I was using Torque Pro for a while but it's too annoying to try to plug in the OBD dongle every time I get in the car and then pull it out when I get out of the car. I haven't been able to find out how much draw the dongle takes from the battery if I just leave it plugged in all the time, I don't want to be left stranded with a dead battery.

I also didn't want to add any guages, but depending on how long I decide to keep the car, I might just do that.


----------



## 03boosted18 (Apr 6, 2009)

my jetta seems to always take its sweet time to warm up...

Like today, It is about 60ish outside today and i leave work to get food and the car does a cold start about 1800rpm ish for a good 2 mins. Then ill go to subway turn the car off and get my food to-go get back in and then it cold starts again.. is this normal ? seems a little bit excessive


----------



## surfstar (Mar 13, 2016)

03boosted18 said:


> my jetta seems to always take its sweet time to warm up...
> 
> Like today, It is about 60ish outside today and i leave work to get food and the car does a cold start about 1800rpm ish for a good 2 mins. Then ill go to subway turn the car off and get my food to-go get back in and then it cold starts again.. is this normal ? seems a little bit excessive


Is subway less than 5min away?
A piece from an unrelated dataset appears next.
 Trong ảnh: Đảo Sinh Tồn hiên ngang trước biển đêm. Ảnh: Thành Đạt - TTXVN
Totally normal. It takes a good while to heat all the metal engine components and oil. The water temp goes up far sooner and faster than everything else (secondary water pump also helps to give cabin heat faster for comfort). 
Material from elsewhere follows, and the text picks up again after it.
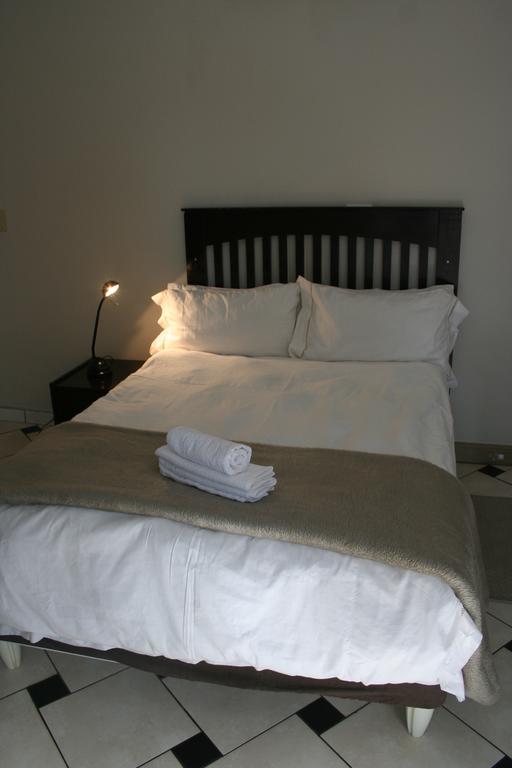 De Vagebond Hotel-Pension วินด์ฮุก ภายนอก รูปภาพ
I make a killer breakfast sandwich on a bagel each morning. Costs ~$0.75 too, but gotta get up 20-30min earlier (I enjoy it with coffee while checking email).


----------



## MK7_JSW (Jun 10, 2015)

V42 said:


> I start my car. I let it idle for 1 minute, maybe 2. I drive easy till it's up to temp.


I do the same, i let it idle for a min or 2 to circulate the oil and then i drive it easy keeping the rpm 3k and below without lugging it and slowly start pushing it more as it warms up to operating temps.


----------



## LauraOtto80 (11 mo ago)

Jeff1983 said:


> Ditto. I dont know about earlier generations of the 1.8T, but the only thing I hate about this one is how clackety clacky sounding it is when not warmed up. Sounds like its about to throw a rod.


I experience this same thing... I wonder if the is something we can do to fix that...


----------



## LauraOtto80 (11 mo ago)

Not to mention the emergency break sticking


----------